TASK PROMPT:
Transcribe the records below line by line, exactly as they read.

TASK MATERIAL:
####################
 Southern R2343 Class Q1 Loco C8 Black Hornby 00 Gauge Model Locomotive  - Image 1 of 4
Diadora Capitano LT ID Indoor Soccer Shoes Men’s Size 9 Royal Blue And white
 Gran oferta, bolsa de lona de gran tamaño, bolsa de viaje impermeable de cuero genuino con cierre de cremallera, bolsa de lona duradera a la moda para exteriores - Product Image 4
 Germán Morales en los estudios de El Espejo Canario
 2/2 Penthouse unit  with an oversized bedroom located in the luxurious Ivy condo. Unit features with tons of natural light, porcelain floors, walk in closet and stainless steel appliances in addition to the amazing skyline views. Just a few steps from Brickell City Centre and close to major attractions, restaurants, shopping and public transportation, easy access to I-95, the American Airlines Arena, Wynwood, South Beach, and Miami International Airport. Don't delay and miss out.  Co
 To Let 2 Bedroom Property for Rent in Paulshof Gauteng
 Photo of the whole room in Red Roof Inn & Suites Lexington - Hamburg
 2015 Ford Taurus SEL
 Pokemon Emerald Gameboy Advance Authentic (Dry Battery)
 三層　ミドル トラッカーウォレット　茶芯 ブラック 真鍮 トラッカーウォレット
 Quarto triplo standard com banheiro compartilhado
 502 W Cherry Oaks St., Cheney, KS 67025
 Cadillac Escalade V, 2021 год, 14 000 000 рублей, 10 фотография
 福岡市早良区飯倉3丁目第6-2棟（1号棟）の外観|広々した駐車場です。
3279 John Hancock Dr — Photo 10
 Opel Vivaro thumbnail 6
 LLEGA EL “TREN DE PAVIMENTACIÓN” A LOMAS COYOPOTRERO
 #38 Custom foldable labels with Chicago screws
####################
COMPLETED TASK:
 Southern R2343 Class Q1 Loco C8 Black Hornby 00 Gauge Model Locomotive  - Image 1 of 4
Diadora Capitano LT ID Indoor Soccer Shoes Men’s Size 9 Royal Blue And white
 Gran oferta, bolsa de lona de gran tamaño, bolsa de viaje impermeable de cuero genuino con cierre de cremallera, bolsa de lona duradera a la moda para exteriores - Product Image 4
 Germán Morales en los estudios de El Espejo Canario
 2/2 Penthouse unit  with an oversized bedroom located in the luxurious Ivy condo. Unit features with tons of natural light, porcelain floors, walk in closet and stainless steel appliances in addition to the amazing skyline views. Just a few steps from Brickell City Centre and close to major attractions, restaurants, shopping and public transportation, easy access to I-95, the American Airlines Arena, Wynwood, South Beach, and Miami International Airport. Don't delay and miss out.  Co
 To Let 2 Bedroom Property for Rent in Paulshof Gauteng
 Photo of the whole room in Red Roof Inn & Suites Lexington - Hamburg
 2015 Ford Taurus SEL
 Pokemon Emerald Gameboy Advance Authentic (Dry Battery)
 三層　ミドル トラッカーウォレット　茶芯 ブラック 真鍮 トラッカーウォレット
 Quarto triplo standard com banheiro compartilhado
 502 W Cherry Oaks St., Cheney, KS 67025
 Cadillac Escalade V, 2021 год, 14 000 000 рублей, 10 фотография
 福岡市早良区飯倉3丁目第6-2棟（1号棟）の外観|広々した駐車場です。
3279 John Hancock Dr — Photo 10
 Opel Vivaro thumbnail 6
 LLEGA EL “TREN DE PAVIMENTACIÓN” A LOMAS COYOPOTRERO
 #38 Custom foldable labels with Chicago screws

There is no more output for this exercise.